By the Act of May 26, 1790, the Southwest Territory was given a government in all respects the same as that erected for the Northwest Territory.

By the Act of October 31, 1803, passed for the government of the Louisiana Territory purchased from France, the President was given full power to take possession, using for this purpose such force as might be necessary, and "that, until the expiration of the present session of Congress, unless provision for the temporary government of the said territories be sooner made by Congress, all the military, civil, and judicial powers exercised by the officers of the existing government of the same shall be vested in such person and persons, and shall be exercised in such manner, as the President of the United States shall direct, for maintaining and protecting the inhabitants of Louisiana in the free enjoyment of their liberty, property and religion."

A formal remonstrance against the autocratic regimé thus established, as being in violation of the rights guaranteed by the treaty with France, was presented in behalf of the inhabitants of the Territory to the United States Senate, but no question as to the constitutionality of the action was raised.

The Act of March 3, 1819, for the taking possession and temporary government of Florida, was almost identical with the Louisiana Act of 1803.

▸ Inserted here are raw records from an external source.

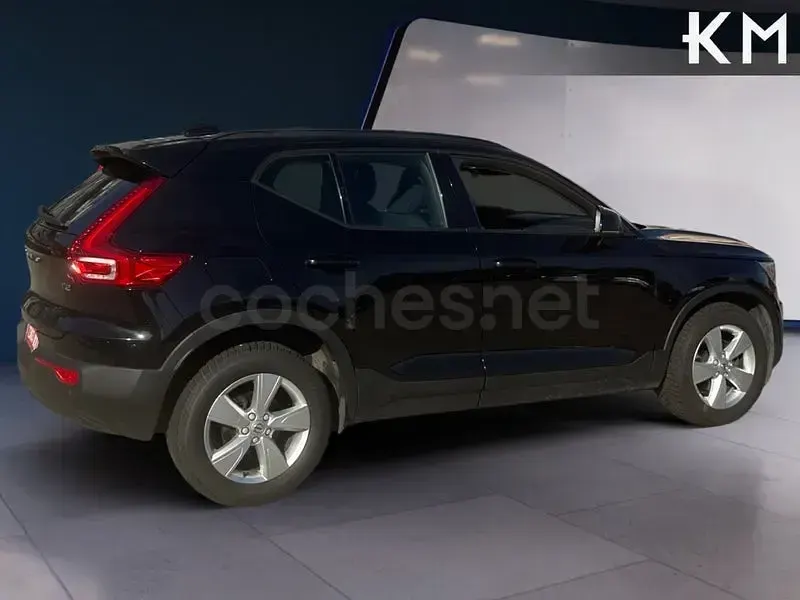 Usado Volvo XC40 Momentum 129 CV (94 kW) 2021 Negro SUV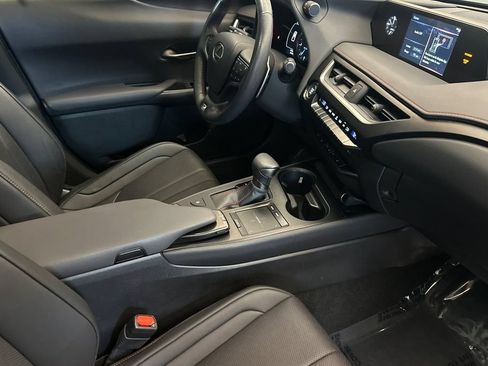 Used 2019 Lexus UX 200 F Sport w/ F Sport Premium Package FWD image 16
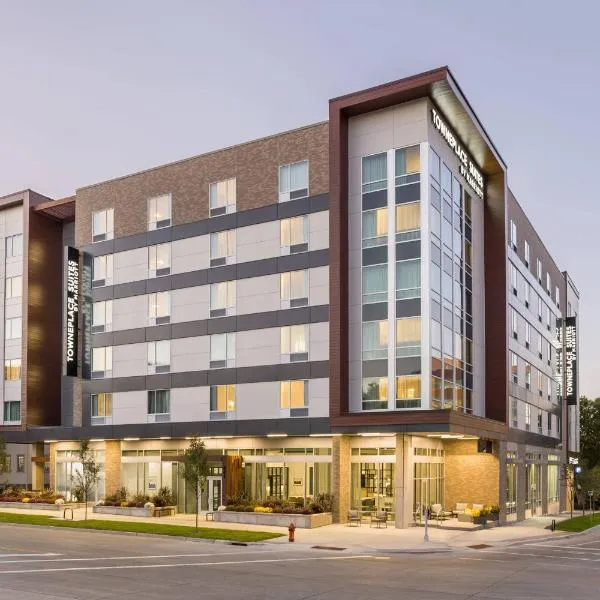 TownePlace Suites By Marriott Rochester Mayo Clinic Area, хотел в Рочестър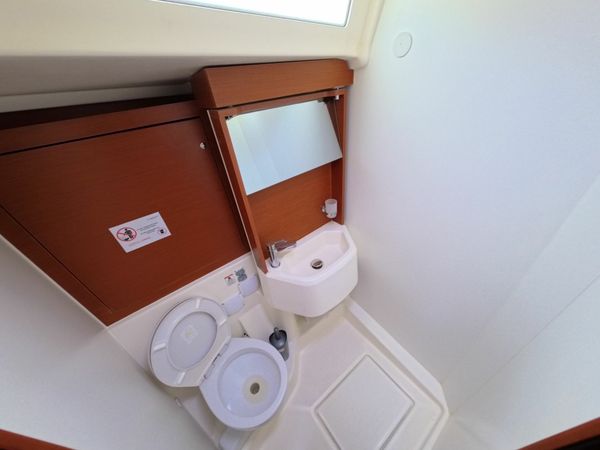 Beneteau Oceanis 51 | Modrian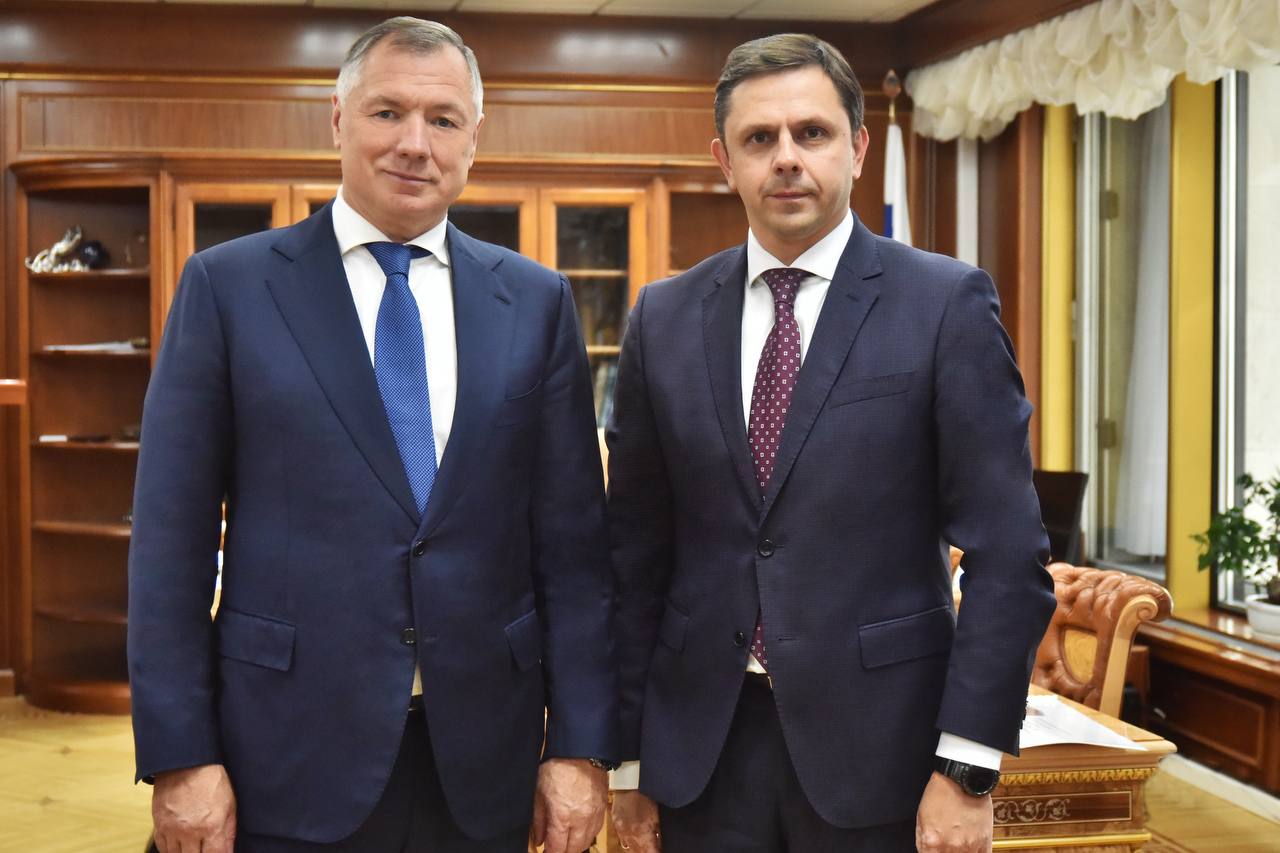 Провел рабочую встречу с губернатором Орловской области Андреем Евгеньевичем Клычковым Обсудили текущую ситуацию в регионе и на что нужно обратить особое внимание Орловская область планомерно развивается по разным направлениям Например за восемь месяцев введено почти 239 000 кв м это на 8 больше чем в прошлом году К нормативному состоянию приведено 86 5 дорог в городских агломерациях Важно сохранять и наращивать эти темпы Реализуется масштабный проект западного обхода Орла Он соединит федеральные дороги М 2 Крым и Р 120 Орел Брянск Смоленск позволит вывести за пределы города транзитный транспорт Это улучшит транспортное сообщение в регионе и условия проживания людей Отмечу еще что в рамках программы казначейских инфраструктурных кредитов Орловской области одобрено более 501 млн рублей Эти средства планируется направить на модернизацию двух объектов ЖКХ С губернатором также обсудили и другие вопросы работы региона в рамках нового нацпроекта Инфраструктура для жизни Будем продолжать двигаться к намеченным целям чтобы жители видели ощутимые улучшения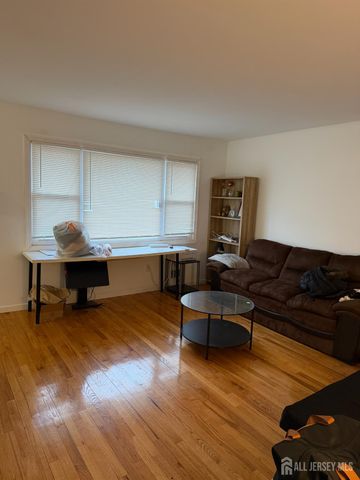 34 Nelson Avenue, Edison, NJ 08817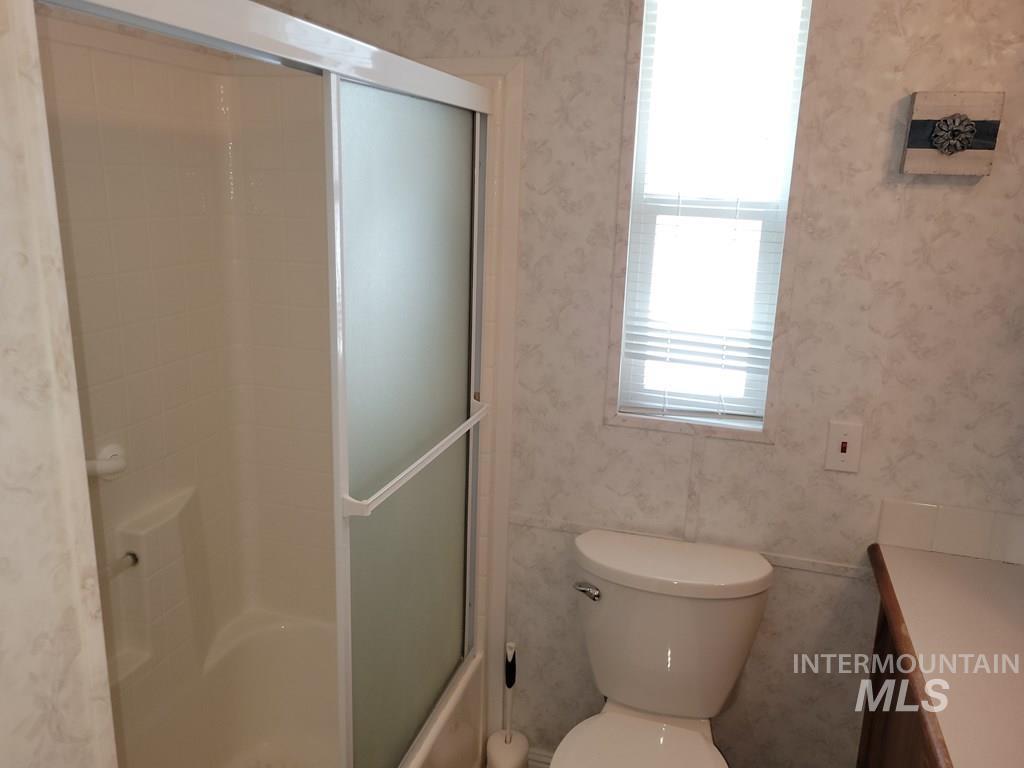 21 E Street, Cascade, Idaho 83611, 2 Bedrooms, 1 Bathroom, Residential For Sale, Price $239,900,MLS 98982968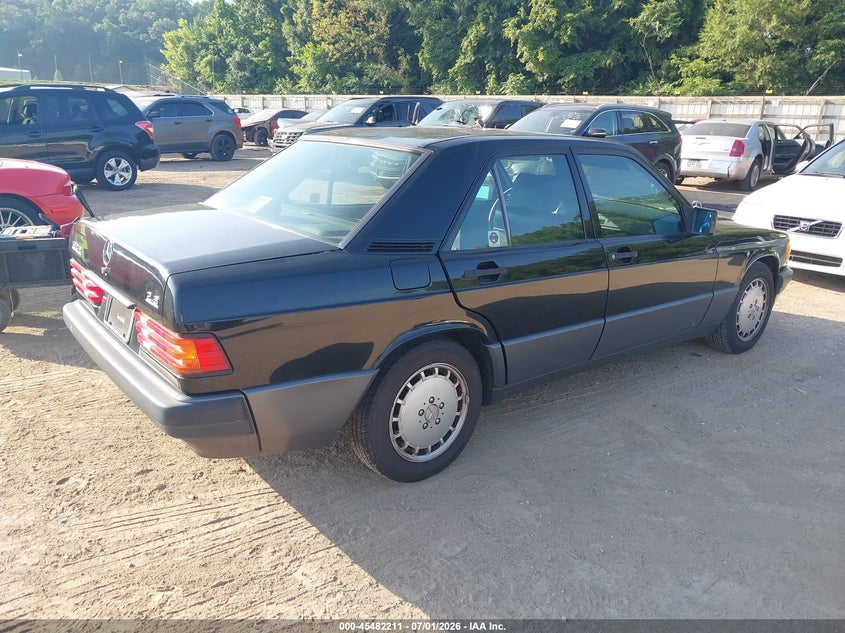 1992 Mercedes-benz 190 VIN WDBDA28D7NF901693 IAAI salvage auction — NORMAL WEAR, Clear (Tennessee), sold $3,750 on 2026-07-08 (photo 4)
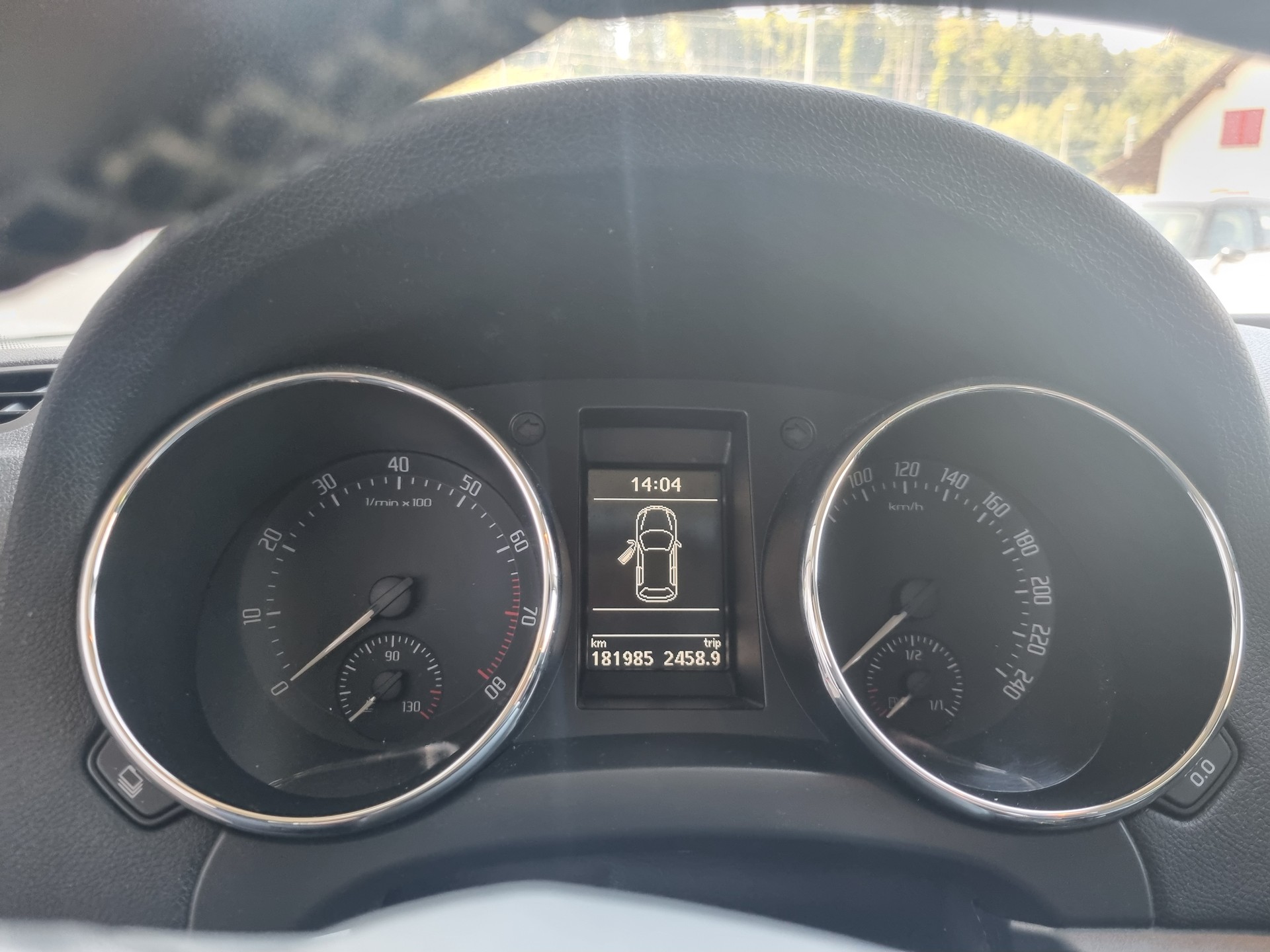 SKODA Yeti 1.4 TSI Active 4x4-image-11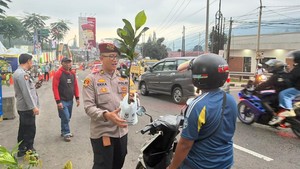 Tak Cuma Amankan Lalin, Polres Bogor Bagikan 1.000 Bibit Pohon di Puncak Cegah Bencana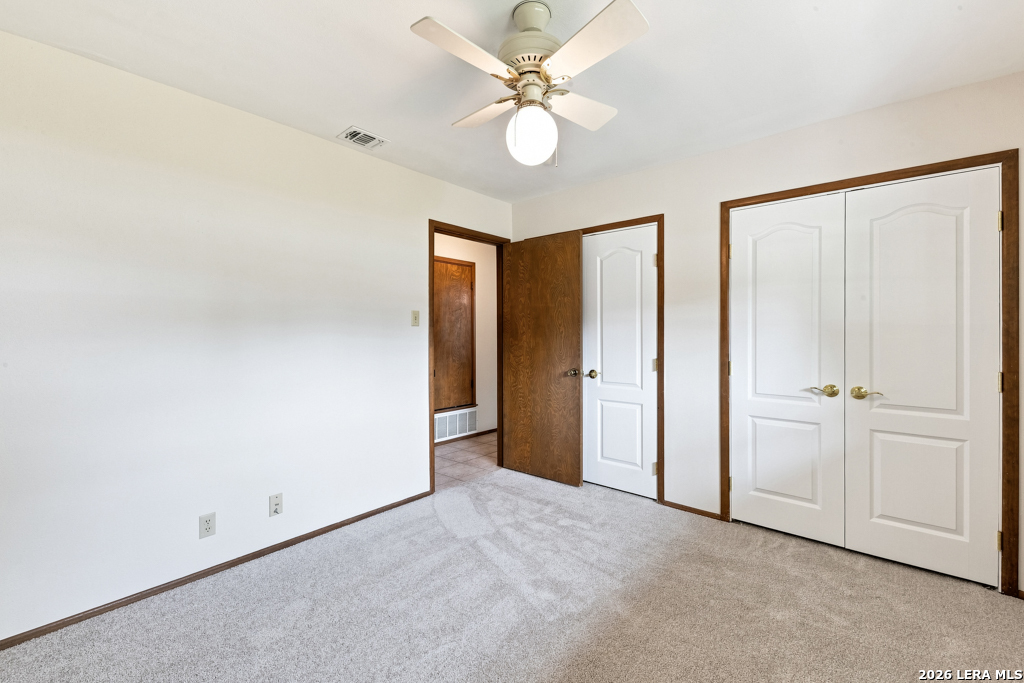 426 Yosemite Drive Hollywood Park TX 78232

Without attempting to trace further the legislation with reference to the government of the Territories it is sufficient to say that Congress has continued to the present day uniformly to consider this subject one to be dealt with absolutely at its own discretion.2

2 For legislation of Congress with reference to the Territories, see W. F. Willoughby, Territories and Dependencies of the United States: Their Government and Administration; Farrand, The Legislation of Congress for the Government of the Territories of the United States; Organic Acts for the Territories of the United States with Notes Thereon, Compiled from the Statutes at Large of the United States; also Appendix Comprising Other Matters Relating to the Government of the Territories. (Senate Document, No. 148,

56th Congress, 1st Sess.)

Acting in pursuance of its powers, Congress has thus from time to time, as new territories have been acquired, established for them, by statutes, territorial governments. The latest of these statutes are those establishing civil rule in Porto Rico and the Philippines.

§ 159. Classes of Territorial Governments.

Generally speaking, it may be said that the governments thus created have been and are of four kinds.

First, there is the class of so-called Unorganized Territories, at present consisting only of Alaska. These have no local selfgovernment but are governed by officials nominated by the President and confirmed by the Senate, and have for their laws such as have been given them by Congress. To this class of autocratically governed territories should also possibly be added the Samoan, Wake, Midway, and Guano Islands which are ruled by officers of the military force of the United States.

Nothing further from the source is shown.